The results of this review should be interpreted with consideration of several limitations. First, only studies published in English were included. While there exist a significant number of English-language periodicals which enjoy wide distribution in SSA, French and Arabic are also prominent languages of science in the region. Only studies published after the Palermo Protocol was established were reviewed; a cutoff determined to account for significant global and local policy and resource investments in anti-trafficking interventions. Finally, while we restricted our search to peer-reviewed literature, we acknowledge that our central question could very well be addressed in non-scholarly publications including evaluation briefs and organizational reports.

Conclusion

The complex nature of HT which presents as interconnected exploitation across multiple industries is a prime area for implementation science to create the knowledge needed to translate intervention findings across contexts and industries for a multiplier effect. The status of implementation studies of HT interventions in sub-Saharan Africa is in its nascent stage. Using the PRISMA-ScR method, we identified 12 articles reporting on implementation of human trafficking interventions in sub-Saharan Africa. The majority of the interventions targeted sex trafficking or child labor. While several barriers to intervention implementation were described, only three of the twelve described implementation strategies to address these barriers and improve implementation outcomes. In terms of seven implementation outcomes, these studies were most explicit about acceptability and cost outcomes. Synergizing intervention and implementation research has the potential to advance human trafficking research and praxis by enabling interventions to be more quickly applied successfully and adopted sustainably by individuals, communities and organizations.
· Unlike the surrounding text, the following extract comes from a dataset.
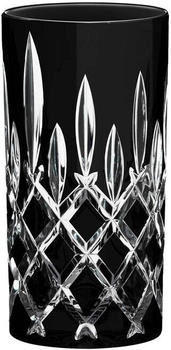 Riedel Laudon Highball-Glas Schwarz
Going forward, it is imperative that HT intervention research in SSA involves implementation research, particularly on ways to increase acceptability through the incorporation of local knowledge, appropriateness through an assessment of local situations, lower costs and efficient use of community and international resources.

Disclosure statement

No potential conflict of interest was reported by the author(s).

Additional information

Funding

This article was funded [in part] by a grant from the United States Department of State (SSJTIP19CA0032) in support of the Prevalence Reduction Innovation Forum (PRIF) initiative. The opinions, findings, and conclusions stated herein are those of the author[s] and do not necessarily reflect those of the United States Department of State.

Notes

1. The scientific study of methods to promote the systematic uptake of research findings and other EBPs (Evidence-based practice) into routine practice, and, hence, to improve the quality and effectiveness of health services.